Keep retrospectives blameless but accountable: the point is to fix systems, not shame people, while ensuring actions don’t vanish into a black hole.


Standardize With Reusable Incident Response Playbooks

You don’t want to reinvent the race plan for every outage. That’s where incident response playbooks come in.

Resources like the open-source AWS Incident Response Playbooks (in the aws-samples/aws-incident-response-playbooks repo) are a great starting point.

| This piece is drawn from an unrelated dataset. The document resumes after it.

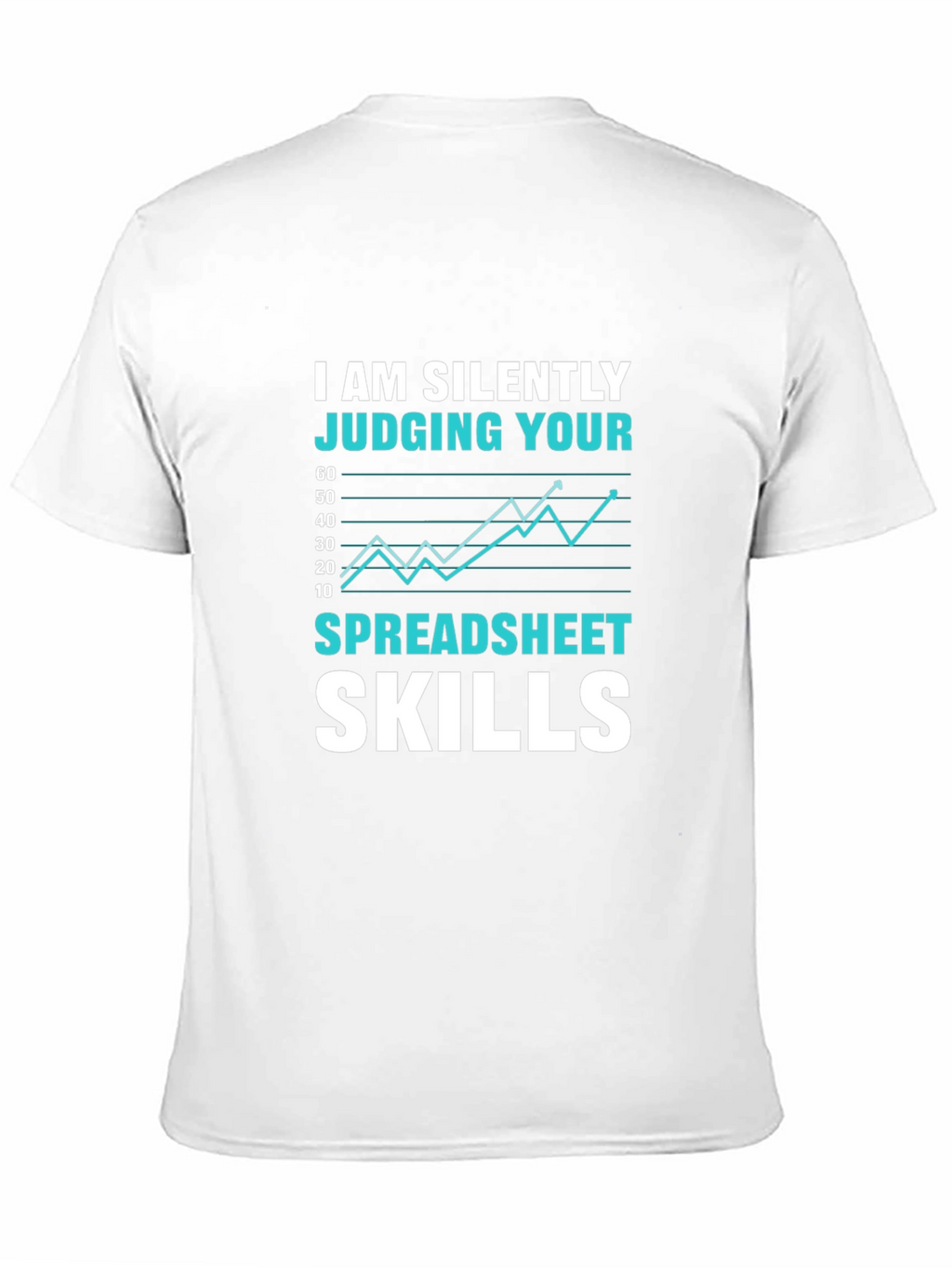 I Am Silently Judging Your Spreadsheet Skills T-Shirt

Use or adapt playbooks to:

  • Standardize roles and responsibilities (IC, Ops Lead, Comms Lead, etc.).
  • Document checklists for common scenarios (database saturation, region failure, authentication outage).
  • Define handoff patterns between teams and time zones.
  • Encode escalation logic and notification rules.

Then, contribute back:

  • Your improved runbooks for multi-team outages.
  • New playbooks that capture how your organization passes batons between SRE, platform, product teams, and support.

Over time, your “analog” processes become reliable enough to script; your “paper batons” become templates everyone knows and trusts.


Bringing It All Together

Running a good incident isn’t about heroics; it’s about choreography.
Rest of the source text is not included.